Das Aprendarium, ein inklusionsfähiger Klassenraum # Set Up digitales Lernen

Ausstattung

Wir empfehlen grundsätzlich  Möbel und Einrichtungsgegenstände die unter Berücksichtigung der Forschung und wissenschaftlichen Vorgaben zur Ergomonie konstruiert wurden. Diese Möbel sind von uns in einer Evaluationsphase des Aprendariums über 5 Jahre getestet und haben sich als bemerkenswert gut bewiesen.

Hierzu gehören keine Dreieckstische. Bei Tests an der Maximilians Universität in München "Möbel für Klassenräume"  wurden Dreickstische für Klassenräume als nicht empfehlenswert eingestuft und nur für Gruppenräumen empfohlen. Auch Dreieckstische die höhenverstellbar sind hatten den Nachteil, dass sich die Probanten öfter die Finger geklemmt haben. Das aber nicht als Einzeltisch, sondern wenn Dreieckstische mit unterschiedlichen Höhen zum Gruppentisch zusammengestellt wurden. Hinzu kommt dass die Verwendung von Dreieckstischen (auch Höhenverstellbar) die Nettounterrichtszeit weiter vermindern. Hier macht es Sinn höhenverstellbare Stühle einzusetzen um diese nachteiligen Effekte auszuschließen. Generell bieten Dreieckstische nicht genügend Arbeitsfläche. Dies wird uns immer wieder von Lehrkräften gesagt und man auf solche Lösungen in Zukunft verzichten möchte. 

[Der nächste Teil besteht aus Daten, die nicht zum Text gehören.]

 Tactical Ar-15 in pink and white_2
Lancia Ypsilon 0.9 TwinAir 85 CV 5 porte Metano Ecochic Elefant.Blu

Trapeztische mit stärkeren Abrundungen an den Ecken hatten da gegenüber dem Dreieckstisch enorme Vorteile. Sie können in vielen Formationen verwendet werden und haben ein große Arbeitsfläche.Zu empfehlen sind hier die Maße der Einzeltische konisch von ca. 82 cm auf ca. 72 cm und einer Tiefe von ca. 65 cm.

Bei Stühlen wurde festgestellt dass Sitzflächen aus Kunststoff  extrem schnell bioaktive Substanzen produzieren, die dann mehr zur Müdigkeit der Kinder führen als CO². Bei Klima und Lüftungsanlagen hat man mit der Absorbierung des CO² weniger Probleme als mit bioaktiven Substanzen die nicht ausgefiltert werden können.

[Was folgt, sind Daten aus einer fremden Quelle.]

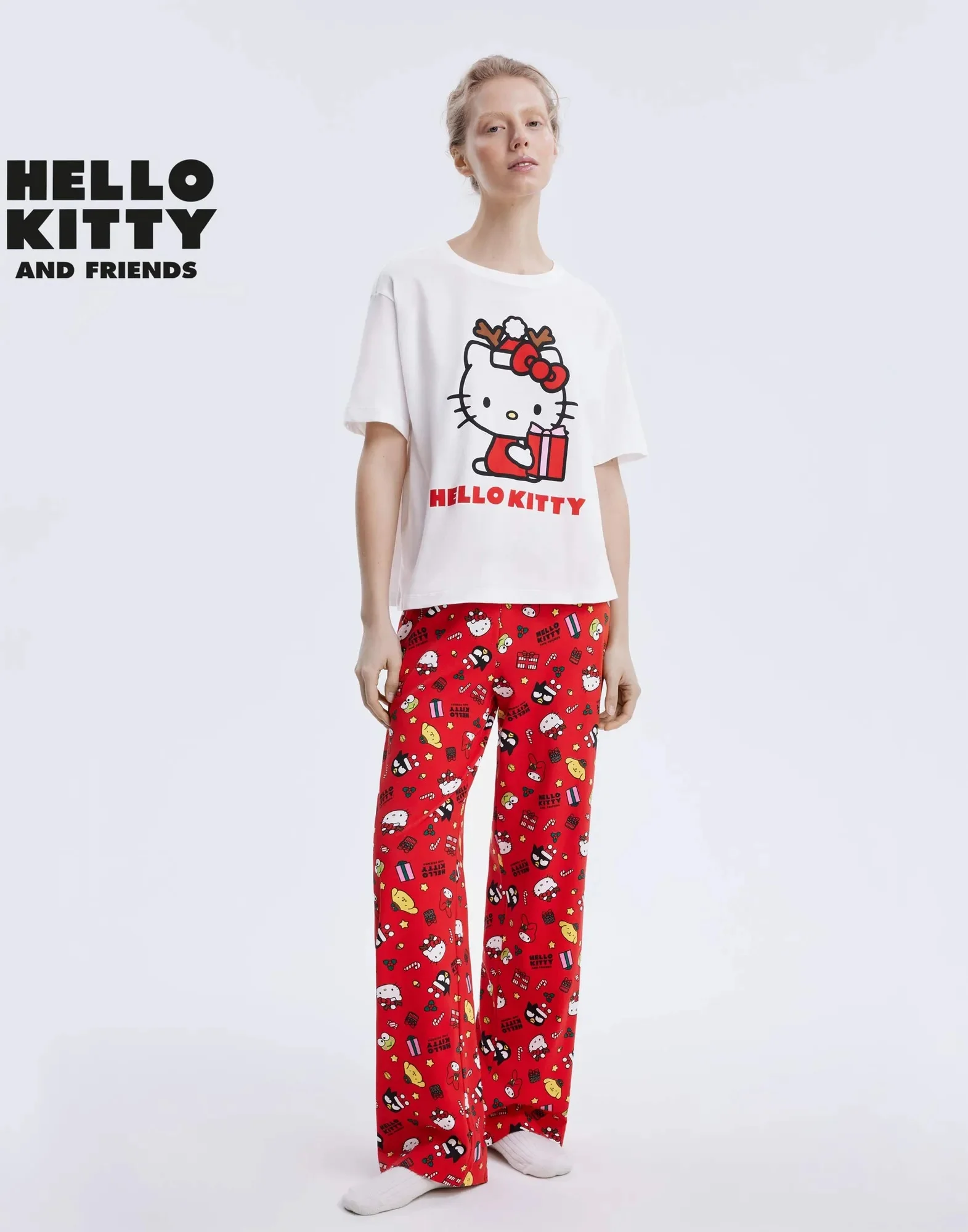 

Самый продаваемый новый продукт, летняя футболка Disney Hello Kitty с пижамами и штанами, детский комплект для мужчин и женщин.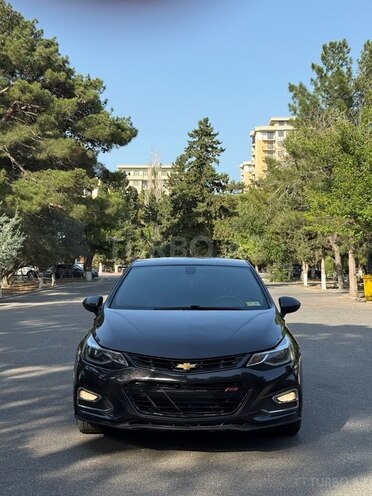 Chevrolet Cruze-1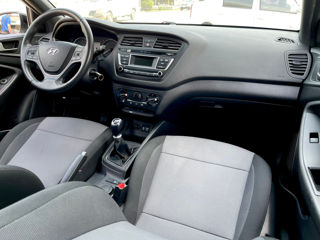 Hyundai i20 foto 10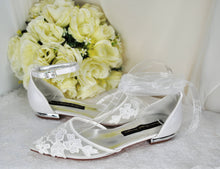 Load image into Gallery viewer, Lace embroidered Sandals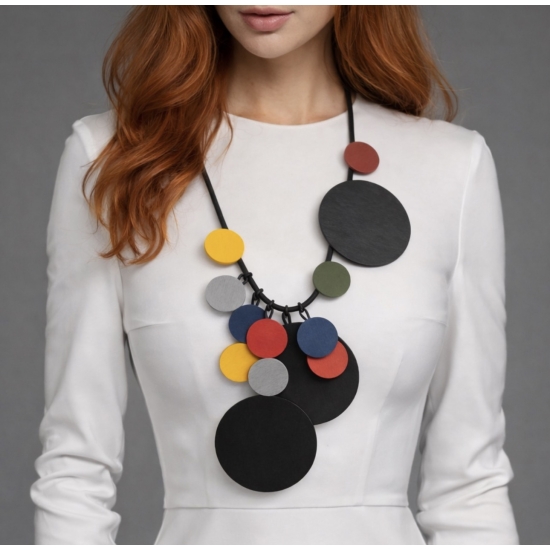 Naszyjnik z drewnianymi kołami – artystyczna forma i kolor.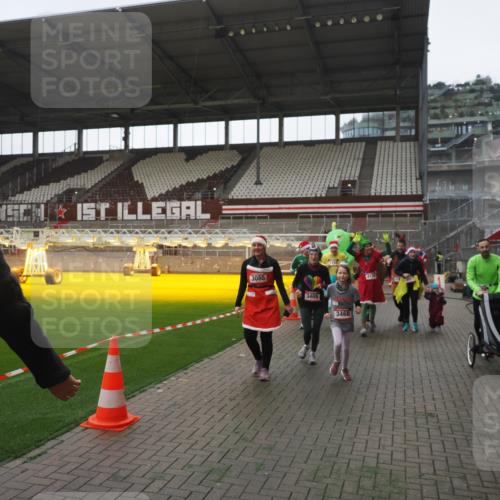 07.12.2025 - St. Pauli X-Mass-Run No. 15 Fabian Wolf http://msf.ph/oto/9395375 07.12.2025 10:29:38 Ziel 450, 458, 1039, 1198, 1201, 1204, 1209, 1373, 2001, 2878, 3080, 3468, 3469, 3497, 3516, 3517, 4007, 4009, 4126, 4264, 4266, 4293, 4296, 4440, 4472, 4476, 4531, 4695 meine-sportfotos.de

 Müllbehälter sollten optisch im Mobiliar eingebaut und nicht offensichtlich zu erkennen sein.

Staumöbel müssen im ausreichenden Maße vorhanden sein. SchülerInnen einen kurzen Weg zum Möbel haben und SchülerInnen ihre eigenen Staufächer nutzen können(Grundschule und feste Klassenverbände). Bei Wanderklassen ist zu empfehlen statt Staumöbel geschlossene Garderoben im Klassenraum zu nutzen. Grundsätzlich sind offene Regale  auf Grund der Informaionsflut zu vermeiden, hier bieten sich Sideboards mit Schülerfächern an, damit der "Schulranzen" nicht zu schwer wird.

Grundsatz: Wir empfehlen den Schulträgern keine Rahmenverträge mit der Schulmöbelindustrie abzuschließen. Mit solchen Rahmenverträgen werden einzelne, sehr gute Schulmöbel vom Einkauf und von einer lern und gesundheitsfördernden Nutzung ausgeschlossen und das zum Nachteil der Schüler und Lehrer. Billige Möbel  bestehen in der Regel  mehr aus viel Metall und Kunststoff und dienen so nicht einem lern-und gesundheitsfördernden Unterricht. Das scheinbare Einsparpotential wird durch überhöhten Mengeneinkauf wieder ausgeglichen. Weniger ist mehr, dafür bessere Qualität.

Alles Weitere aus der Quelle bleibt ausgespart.